On the Sofa
by HermioneGirl96
Summary: Baz goes to therapy.


**Disclaimer: Rainbow Rowell owns these characters, and the first line. **

**A/N: This fic was inspired by a lovely drawing by vkelleyart on Tumblr! Check it out!**

Simon Snow is lying on the sofa.

Bunce and I have this down to a science by now. Pulling Simon out of a sulk, I mean. Snogging cheers him up for two hours. Movies and crap telly do all right until they're over, but then you only have 20 minutes before he starts sulking again. Scones and certain types of junk food cheer him up for an hour. Cuddling has about a 30-minute afterglow. The effects of exercise last twice as long as however long he exercises.

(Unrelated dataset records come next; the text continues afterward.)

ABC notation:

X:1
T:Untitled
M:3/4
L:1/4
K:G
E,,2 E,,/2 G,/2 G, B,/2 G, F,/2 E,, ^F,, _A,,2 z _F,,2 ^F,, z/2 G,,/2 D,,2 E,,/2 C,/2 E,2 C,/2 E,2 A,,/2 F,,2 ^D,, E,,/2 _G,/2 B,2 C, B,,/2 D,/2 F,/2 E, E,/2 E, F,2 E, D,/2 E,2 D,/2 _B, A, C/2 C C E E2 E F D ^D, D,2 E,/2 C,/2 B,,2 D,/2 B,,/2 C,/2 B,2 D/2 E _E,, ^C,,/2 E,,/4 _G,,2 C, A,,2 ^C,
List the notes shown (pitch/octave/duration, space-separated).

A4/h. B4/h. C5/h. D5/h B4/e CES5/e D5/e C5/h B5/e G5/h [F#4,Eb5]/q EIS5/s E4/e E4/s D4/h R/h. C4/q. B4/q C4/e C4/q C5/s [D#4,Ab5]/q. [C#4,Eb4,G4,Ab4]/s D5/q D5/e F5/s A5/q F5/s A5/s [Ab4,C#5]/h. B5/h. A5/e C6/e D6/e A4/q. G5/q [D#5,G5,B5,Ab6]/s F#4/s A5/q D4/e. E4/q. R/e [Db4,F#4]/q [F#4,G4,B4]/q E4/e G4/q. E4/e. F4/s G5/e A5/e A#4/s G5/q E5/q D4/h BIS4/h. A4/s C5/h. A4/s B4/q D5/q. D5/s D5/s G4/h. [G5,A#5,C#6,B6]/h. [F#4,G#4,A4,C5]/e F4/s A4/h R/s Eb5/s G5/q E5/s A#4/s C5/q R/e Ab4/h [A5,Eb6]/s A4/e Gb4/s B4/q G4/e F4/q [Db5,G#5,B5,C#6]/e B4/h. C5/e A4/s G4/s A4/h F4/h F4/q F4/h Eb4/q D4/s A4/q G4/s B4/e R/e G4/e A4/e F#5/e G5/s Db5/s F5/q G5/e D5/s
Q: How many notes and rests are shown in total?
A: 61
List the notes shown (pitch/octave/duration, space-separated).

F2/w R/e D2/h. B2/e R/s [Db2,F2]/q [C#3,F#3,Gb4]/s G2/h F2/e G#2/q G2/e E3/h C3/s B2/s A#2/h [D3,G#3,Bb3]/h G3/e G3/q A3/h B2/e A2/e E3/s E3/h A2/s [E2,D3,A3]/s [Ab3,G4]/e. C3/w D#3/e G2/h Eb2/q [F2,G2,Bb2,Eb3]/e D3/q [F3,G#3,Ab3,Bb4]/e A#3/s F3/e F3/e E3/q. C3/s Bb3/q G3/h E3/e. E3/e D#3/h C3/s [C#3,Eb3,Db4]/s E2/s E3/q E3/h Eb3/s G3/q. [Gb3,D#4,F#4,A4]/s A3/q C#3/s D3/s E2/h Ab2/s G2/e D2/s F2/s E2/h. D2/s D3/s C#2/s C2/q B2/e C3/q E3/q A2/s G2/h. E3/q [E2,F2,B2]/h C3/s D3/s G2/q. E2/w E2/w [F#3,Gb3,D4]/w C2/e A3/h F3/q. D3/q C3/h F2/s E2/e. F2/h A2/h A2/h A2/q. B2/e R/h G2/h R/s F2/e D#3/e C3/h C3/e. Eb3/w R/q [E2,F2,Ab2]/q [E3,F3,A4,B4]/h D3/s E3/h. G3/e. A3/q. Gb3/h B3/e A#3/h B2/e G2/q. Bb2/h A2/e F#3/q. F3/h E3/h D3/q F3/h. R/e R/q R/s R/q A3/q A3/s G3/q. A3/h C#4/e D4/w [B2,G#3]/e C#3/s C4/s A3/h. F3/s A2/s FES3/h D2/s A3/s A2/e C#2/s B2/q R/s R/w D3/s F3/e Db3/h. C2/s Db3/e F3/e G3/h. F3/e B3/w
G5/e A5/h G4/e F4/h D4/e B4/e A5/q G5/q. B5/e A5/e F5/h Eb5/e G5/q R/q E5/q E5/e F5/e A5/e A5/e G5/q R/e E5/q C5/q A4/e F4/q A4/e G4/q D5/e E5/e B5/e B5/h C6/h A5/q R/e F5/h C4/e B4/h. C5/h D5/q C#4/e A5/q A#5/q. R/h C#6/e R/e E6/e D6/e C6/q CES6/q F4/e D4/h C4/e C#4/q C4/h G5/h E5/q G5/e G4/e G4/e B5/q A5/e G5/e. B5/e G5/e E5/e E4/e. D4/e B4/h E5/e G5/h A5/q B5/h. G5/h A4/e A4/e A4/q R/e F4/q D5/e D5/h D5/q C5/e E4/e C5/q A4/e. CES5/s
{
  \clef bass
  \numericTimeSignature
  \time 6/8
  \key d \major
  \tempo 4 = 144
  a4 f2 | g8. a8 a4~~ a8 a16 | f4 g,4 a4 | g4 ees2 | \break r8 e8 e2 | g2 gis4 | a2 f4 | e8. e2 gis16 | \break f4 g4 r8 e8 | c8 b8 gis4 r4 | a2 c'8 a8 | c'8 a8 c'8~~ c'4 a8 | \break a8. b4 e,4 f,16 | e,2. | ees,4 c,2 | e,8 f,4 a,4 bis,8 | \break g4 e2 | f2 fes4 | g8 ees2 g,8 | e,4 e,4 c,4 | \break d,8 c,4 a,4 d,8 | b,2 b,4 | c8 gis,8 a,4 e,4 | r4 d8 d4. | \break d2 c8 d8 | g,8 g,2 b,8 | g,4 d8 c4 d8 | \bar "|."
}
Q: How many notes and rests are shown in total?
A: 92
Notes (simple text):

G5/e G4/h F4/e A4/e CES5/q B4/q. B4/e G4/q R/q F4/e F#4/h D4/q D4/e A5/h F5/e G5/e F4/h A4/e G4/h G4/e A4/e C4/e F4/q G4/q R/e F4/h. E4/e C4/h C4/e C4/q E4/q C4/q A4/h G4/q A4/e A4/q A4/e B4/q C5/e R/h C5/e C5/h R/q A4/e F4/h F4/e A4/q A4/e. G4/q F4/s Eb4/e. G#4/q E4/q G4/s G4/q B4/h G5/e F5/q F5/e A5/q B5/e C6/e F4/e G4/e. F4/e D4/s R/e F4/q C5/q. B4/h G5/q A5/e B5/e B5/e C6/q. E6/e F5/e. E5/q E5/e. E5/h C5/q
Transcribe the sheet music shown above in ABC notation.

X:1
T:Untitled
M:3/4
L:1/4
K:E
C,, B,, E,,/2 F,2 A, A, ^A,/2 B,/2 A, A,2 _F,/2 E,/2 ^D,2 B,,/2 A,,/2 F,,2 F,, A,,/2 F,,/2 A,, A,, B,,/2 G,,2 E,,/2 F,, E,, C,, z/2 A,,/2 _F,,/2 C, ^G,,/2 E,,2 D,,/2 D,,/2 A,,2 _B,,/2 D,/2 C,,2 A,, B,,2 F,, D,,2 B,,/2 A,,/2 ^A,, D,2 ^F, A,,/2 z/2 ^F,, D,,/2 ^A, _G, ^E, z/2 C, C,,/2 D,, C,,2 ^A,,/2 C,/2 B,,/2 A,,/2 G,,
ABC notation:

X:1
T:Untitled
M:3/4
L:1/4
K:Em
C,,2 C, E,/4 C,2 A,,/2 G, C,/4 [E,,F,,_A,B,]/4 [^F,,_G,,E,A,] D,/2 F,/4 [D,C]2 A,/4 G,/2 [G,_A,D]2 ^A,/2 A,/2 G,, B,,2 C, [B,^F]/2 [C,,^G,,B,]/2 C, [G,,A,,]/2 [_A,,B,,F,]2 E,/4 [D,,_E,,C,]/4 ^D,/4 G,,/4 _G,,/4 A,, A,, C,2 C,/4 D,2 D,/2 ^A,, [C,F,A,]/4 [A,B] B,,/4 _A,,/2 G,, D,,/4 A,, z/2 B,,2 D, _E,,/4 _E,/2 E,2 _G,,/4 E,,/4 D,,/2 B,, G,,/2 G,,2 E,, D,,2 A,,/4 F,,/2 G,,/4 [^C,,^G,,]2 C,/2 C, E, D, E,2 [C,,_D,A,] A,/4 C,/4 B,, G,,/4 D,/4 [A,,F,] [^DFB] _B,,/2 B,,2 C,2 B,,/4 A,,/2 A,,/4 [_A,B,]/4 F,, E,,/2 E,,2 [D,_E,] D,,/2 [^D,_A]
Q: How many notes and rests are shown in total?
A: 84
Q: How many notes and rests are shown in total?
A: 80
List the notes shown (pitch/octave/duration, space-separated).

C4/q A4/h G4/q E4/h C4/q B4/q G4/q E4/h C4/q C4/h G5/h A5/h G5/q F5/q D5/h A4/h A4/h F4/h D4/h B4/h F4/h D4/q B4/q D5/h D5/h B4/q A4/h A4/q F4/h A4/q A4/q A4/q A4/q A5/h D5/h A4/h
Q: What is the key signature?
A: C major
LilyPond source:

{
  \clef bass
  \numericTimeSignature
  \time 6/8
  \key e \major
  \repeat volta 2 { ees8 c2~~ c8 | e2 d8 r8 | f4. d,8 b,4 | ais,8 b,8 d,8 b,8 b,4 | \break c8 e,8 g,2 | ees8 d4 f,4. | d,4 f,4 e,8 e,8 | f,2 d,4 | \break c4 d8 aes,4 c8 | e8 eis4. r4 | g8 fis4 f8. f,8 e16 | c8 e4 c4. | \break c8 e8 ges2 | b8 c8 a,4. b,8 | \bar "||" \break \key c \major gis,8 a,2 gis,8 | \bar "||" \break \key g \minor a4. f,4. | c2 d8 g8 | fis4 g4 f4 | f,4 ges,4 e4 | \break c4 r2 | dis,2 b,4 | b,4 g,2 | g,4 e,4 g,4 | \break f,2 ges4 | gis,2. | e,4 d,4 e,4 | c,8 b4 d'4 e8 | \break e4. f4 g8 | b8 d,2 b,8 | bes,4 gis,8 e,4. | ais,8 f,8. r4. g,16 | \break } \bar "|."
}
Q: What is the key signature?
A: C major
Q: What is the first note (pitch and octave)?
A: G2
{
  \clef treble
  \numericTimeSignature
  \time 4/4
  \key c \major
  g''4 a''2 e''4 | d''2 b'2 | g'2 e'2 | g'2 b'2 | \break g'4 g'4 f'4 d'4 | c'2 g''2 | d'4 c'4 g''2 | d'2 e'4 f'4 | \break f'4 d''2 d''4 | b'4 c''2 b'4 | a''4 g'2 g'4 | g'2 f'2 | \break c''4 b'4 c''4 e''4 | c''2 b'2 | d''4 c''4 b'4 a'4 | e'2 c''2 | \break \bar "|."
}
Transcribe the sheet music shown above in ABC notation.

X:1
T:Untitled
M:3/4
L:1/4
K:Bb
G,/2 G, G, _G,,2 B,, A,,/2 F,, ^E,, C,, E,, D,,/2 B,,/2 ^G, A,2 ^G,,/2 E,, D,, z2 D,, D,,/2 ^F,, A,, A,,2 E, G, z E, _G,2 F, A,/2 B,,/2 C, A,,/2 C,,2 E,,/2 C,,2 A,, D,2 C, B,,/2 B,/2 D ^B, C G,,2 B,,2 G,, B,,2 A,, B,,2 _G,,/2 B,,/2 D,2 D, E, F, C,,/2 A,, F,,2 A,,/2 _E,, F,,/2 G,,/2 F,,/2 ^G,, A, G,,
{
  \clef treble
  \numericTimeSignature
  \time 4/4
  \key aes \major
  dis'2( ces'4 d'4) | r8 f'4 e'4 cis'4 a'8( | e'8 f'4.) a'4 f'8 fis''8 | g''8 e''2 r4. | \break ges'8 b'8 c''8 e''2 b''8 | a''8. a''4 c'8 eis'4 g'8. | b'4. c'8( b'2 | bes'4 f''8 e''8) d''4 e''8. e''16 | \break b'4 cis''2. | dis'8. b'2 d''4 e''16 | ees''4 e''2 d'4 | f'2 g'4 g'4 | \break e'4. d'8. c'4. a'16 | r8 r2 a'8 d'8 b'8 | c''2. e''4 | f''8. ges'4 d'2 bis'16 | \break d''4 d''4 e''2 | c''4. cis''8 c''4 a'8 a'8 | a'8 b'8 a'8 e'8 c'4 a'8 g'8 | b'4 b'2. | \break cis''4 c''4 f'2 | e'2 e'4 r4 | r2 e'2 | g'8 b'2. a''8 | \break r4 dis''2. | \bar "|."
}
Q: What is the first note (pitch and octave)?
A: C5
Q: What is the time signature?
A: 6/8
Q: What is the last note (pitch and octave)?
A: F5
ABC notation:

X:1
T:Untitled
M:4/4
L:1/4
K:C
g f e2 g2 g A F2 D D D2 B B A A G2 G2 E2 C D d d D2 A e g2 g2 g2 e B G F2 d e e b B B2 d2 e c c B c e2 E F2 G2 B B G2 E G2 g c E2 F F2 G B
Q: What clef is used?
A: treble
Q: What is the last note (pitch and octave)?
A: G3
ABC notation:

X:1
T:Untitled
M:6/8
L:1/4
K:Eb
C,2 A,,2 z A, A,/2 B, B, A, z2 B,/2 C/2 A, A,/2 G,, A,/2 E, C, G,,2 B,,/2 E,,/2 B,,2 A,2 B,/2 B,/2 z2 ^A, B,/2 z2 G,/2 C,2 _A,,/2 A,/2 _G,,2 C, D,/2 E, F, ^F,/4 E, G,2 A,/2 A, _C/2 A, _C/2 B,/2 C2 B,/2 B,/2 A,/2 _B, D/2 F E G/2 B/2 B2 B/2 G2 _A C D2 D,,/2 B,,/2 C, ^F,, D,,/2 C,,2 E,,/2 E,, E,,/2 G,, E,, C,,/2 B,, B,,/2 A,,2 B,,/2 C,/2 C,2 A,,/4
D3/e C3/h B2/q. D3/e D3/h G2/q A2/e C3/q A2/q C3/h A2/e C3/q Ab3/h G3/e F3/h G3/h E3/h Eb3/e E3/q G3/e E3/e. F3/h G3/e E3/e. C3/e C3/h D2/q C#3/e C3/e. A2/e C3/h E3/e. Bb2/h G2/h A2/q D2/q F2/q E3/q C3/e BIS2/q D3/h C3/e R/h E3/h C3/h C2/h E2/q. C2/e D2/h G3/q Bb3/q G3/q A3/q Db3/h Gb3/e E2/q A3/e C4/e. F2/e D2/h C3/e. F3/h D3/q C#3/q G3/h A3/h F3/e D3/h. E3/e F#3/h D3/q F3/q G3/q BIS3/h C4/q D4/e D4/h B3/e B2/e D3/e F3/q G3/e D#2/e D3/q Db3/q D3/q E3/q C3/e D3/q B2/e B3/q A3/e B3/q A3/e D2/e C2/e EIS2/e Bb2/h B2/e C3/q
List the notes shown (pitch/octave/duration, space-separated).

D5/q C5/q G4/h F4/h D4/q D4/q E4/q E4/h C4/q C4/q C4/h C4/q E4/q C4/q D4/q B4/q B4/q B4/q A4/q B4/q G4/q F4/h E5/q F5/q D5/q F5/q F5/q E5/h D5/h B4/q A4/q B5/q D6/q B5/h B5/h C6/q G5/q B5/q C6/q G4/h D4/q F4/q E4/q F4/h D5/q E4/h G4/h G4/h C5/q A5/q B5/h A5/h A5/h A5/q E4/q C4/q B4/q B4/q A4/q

The numbers are why I come round as often as I do. Snogging is simply the most effective thing we've tried so far, especially if you factor in how hard it is to get Simon to get dressed and leave the flat to go exercise. And no one wants Bunce and Simon to snog. (I doubt it would have the same effect, anyway.) So I'm here a lot.

Tonight, though, Simon ate a whole pizza. He eats either nothing or everything these days, but, even by his current standards, an entire pizza is a lot. Penny pulled me into the kitchen for a quick whispered conversation—"We can't let this continue, Baz"—and now we're back in the lounge. Penny climbed onto the arm of the sofa, and now I'm leaning over the back. Simon's got his head stuffed into the cushions and his wings hanging off the front of the sofa. I can't see his face, just his right ear. I've kissed that ear too many times to count over the past several months. He likes it when I do that.

"Simon?" Bunce says. There's a hesitant note in her voice that I'm not used to from her. Penelope Bunce is many things; gentle is not usually one of them. But she'll do anything for Simon, even that.

So will I.

Simon pushes himself up with one arm and shifts so that his head is on a pillow resting against the arm of the sofa. He looks first at Bunce and then at me. "What?" I can't detect any emotion in his voice, just exhaustion.

"Come with me to Chicago," says Bunce, still with that gentle tone.

My eyes snap to her. "What?" I say on reflex, involuntarily echoing Simon.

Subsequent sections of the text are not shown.